In addition to utilizing elacytarabine as monotherapy, a recent phase I study by Giles and colleagues assessed the combination of elacytarabine plus idarubicin in patients with refractory AML. In this study, the proposed objectives were to determine DLT, assess the pharmacokinetics of elacytarabine in combination with iradubicin, and to establish toxicity and activity profiles of combination therapy. A total of 15 patients with refractory AML were enrolled and were treated with elacytarabine by continuous IV infusion on days 1–5 of a 3 week cycle as well as idarubicin 12 mg/m2/day on days 2–4 of a 3 week cycle. Based on DLTs, a dose of 1000 mg/m2/day was chosen as the appropriate dose. Of the patients treated with 1000 mg/m2/day dosing of elacytarabine, 4/10 patients achieved a CR or CRp, and of this group of patients, 3 had failed previous induction with cytarabine and idarubicin. Pharmacokinetic data supported efficacy of elacytarabine as plasma levels of cytarabine demonstrated longer half life after elacytarabine administration and area under the curve (AUC) values for both cytarabine and elacytarabine in plasma were documented in ranges associated with cytotoxicity or cancer cell death. This led investigators to conclude that elacytarabine allows for high levels of intracellular cytarabine as well as potentially prolonged exposure of leukemic cells to active metabolite ara-CTP. This study also suggested that expression of hENT1 may be useful in predicting response to elacytarabine therapy [Giles et al. 2012a].

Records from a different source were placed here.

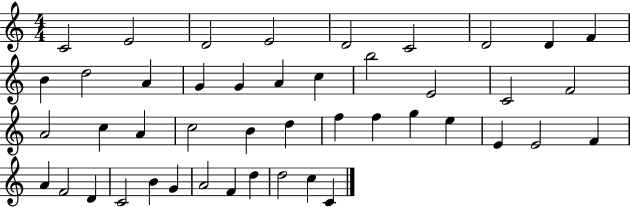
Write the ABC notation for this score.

X:1
T:Untitled
M:4/4
L:1/4
K:C
C2 E2 D2 E2 D2 C2 D2 D F B d2 A G G A c b2 E2 C2 F2 A2 c A c2 B d f f g e E E2 F A F2 D C2 B G A2 F d d2 c C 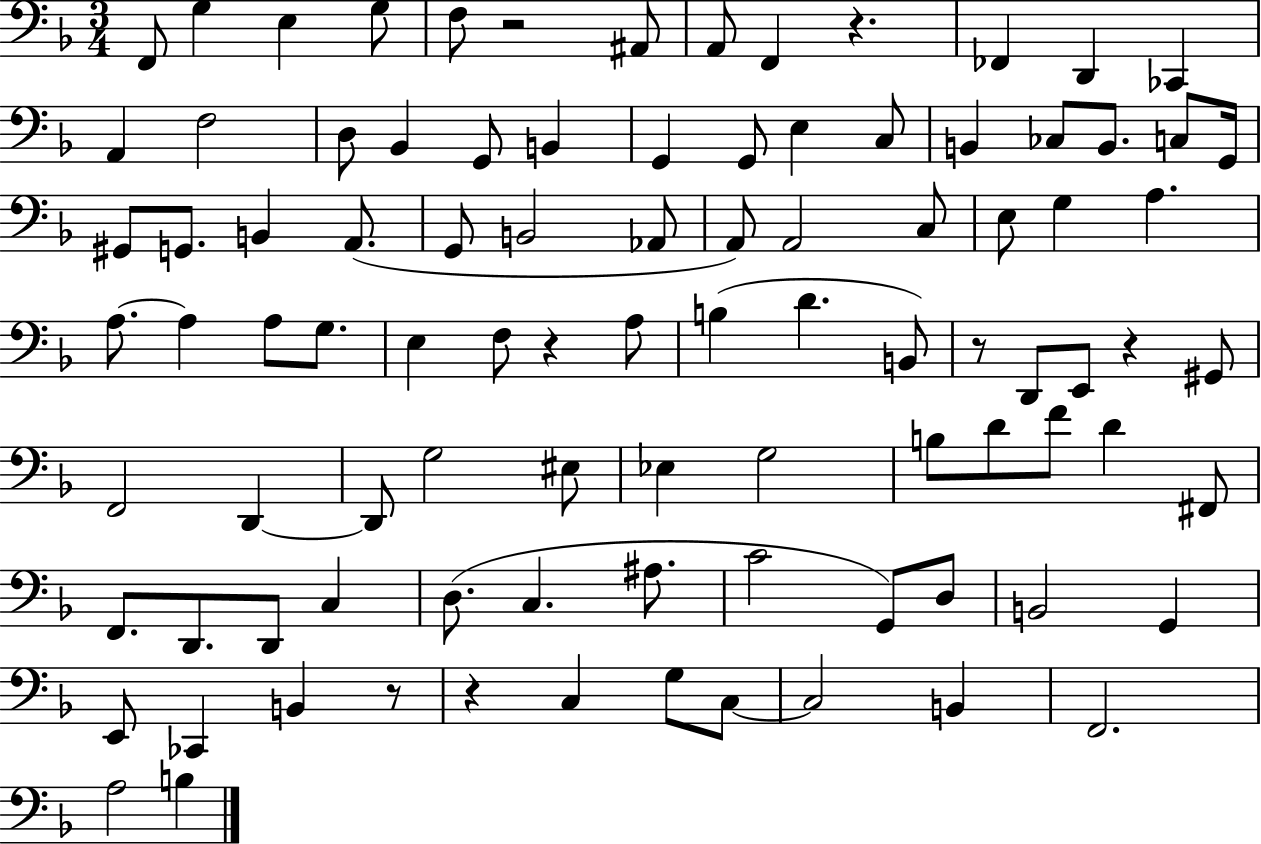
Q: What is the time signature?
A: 3/4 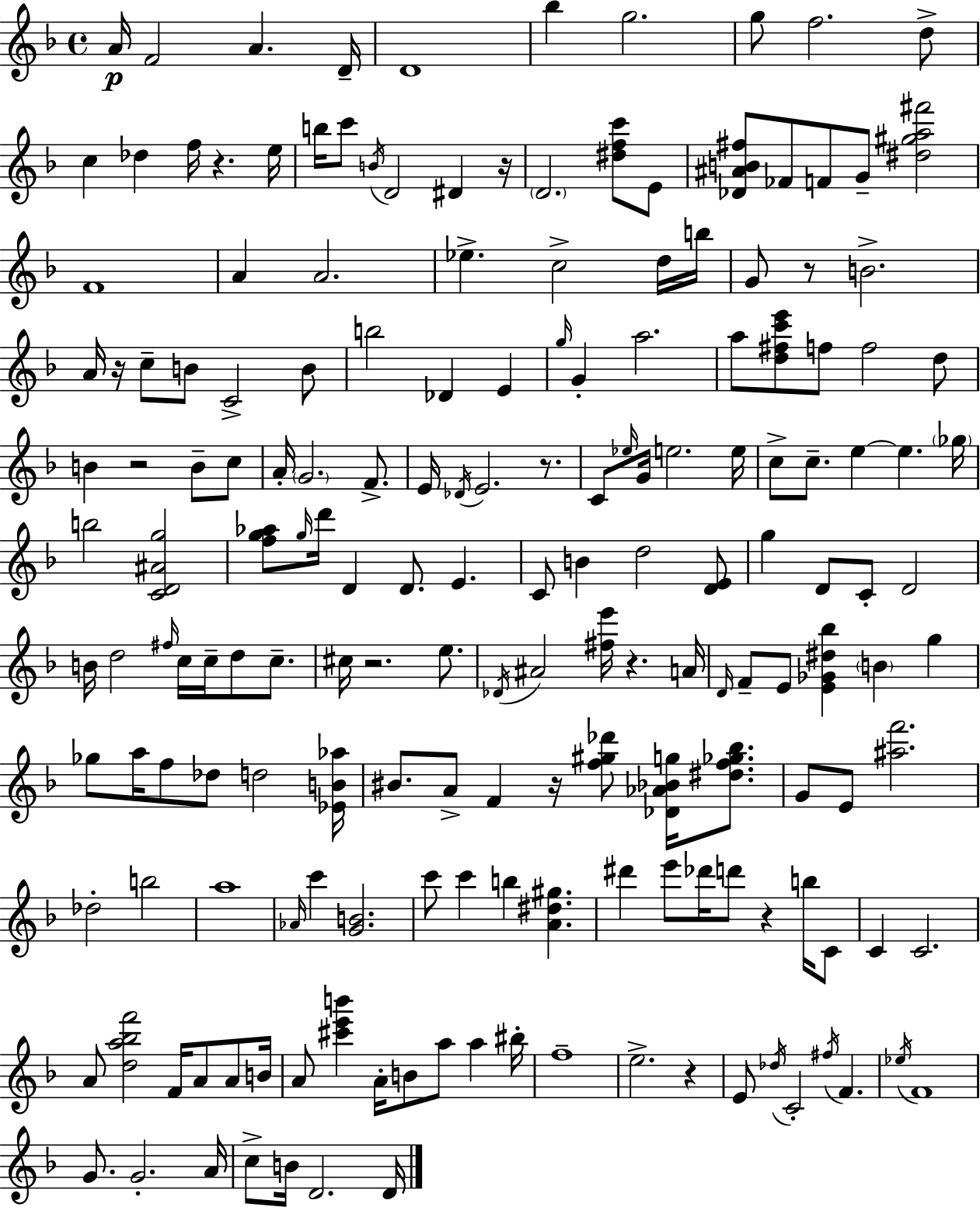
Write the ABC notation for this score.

Rizzieri and colleagues reported a phase II study that has assessed the combination of elacytarabine plus idarubicin as second-line induction therapy for patients with AML. This study not only assessed efficacy of combination therapy but also investigated the use of hENT1 expression as a potential biomarker or predictor of cytarabine response. A total of 51 patients who had failed initial induction chemotherapy were enrolled and were treated with combination elacytarabine 1000 mg/m2/day by continuous IV infusion for 5 days and idarubicin 12 mg/m2/day IV days 1–3 every 3 weeks as second-line therapy to induce remission. hENT1 expression was measured prior to first induction or prior to treatment with elacytarabine and was followed over time. A total of 16 patients achieved a CR and 5 achieved an incomplete CR (CRi) resulting in a 41% overall response rate. All 51 patients experienced an AE and 50 patients had a grade 3 or 4 AE, with most common events being febrile neutropenia, nausea, diarrhea, fatigue and hypokalemia. This side effect profile was consistent with profiles reported in earlier trials and was expected for patients with relapsed/refractory AML. Similar side effects would also be expected with cytarabine and are not unique to elacytarabine. Use of hENT1 as a biomarker for both cytarabine and elacytarabine response was not supported by results from this trial, although there was a trend to suggest that hENT1 expression may influence response to cytarabine based therapies [Rizzieri et al. 2014]. The authors ultimately concluded that idarubicin and elacytarabine therapy is active in patients who fail first induction for AML, although may not be superior to current standard therapy in this clinical situation.
Conclusion
Elacytarabine is a novel chemotherapeutic agent developed as a modified version of an already effective antileukemic agent, cytarabine. It is superior to standard cytarabine in some respects as it overcomes several resistance mechanisms classically associated with cytarabine including altered hENT1 expression, low intracellular levels of active cytarabine metabolites, and decreased destruction of both active and inactive metabolites. Along with bypassing resistance mechanisms, elacytarabine also has several unique mechanisms of action including inhibition of RNA synthesis. However, several resistance mechanisms such as decreased DCK expression are still problematic despite lipid modification as cytarabine, once in the cell, still requires DCK for metabolism into active ara-CTP. Preclinical and early phase data were encouraging and supported further investigation of elacytarabine as monotherapy and as part of combination therapy in phase III clinical trials. Unfortunately, elacytarabine did not show improved outcomes when used as monotherapy in AML patients with relapsed or refractory disease. There are some data to support its use in combination for patients with refractory AML, though it is not clear that elacytarabine provides additional benefit compared with current chemotherapy regimens. Data also suggested a potential role of hENT expression as a clinical correlate which may be predictive of cytarabine response. Here again, advanced prospective data to support efficacy are not as promising as we had initially hoped although further studies are certainly warranted.
Footnotes
Conflict of interest statement: The authors declare no conflict of interest in preparing this paper.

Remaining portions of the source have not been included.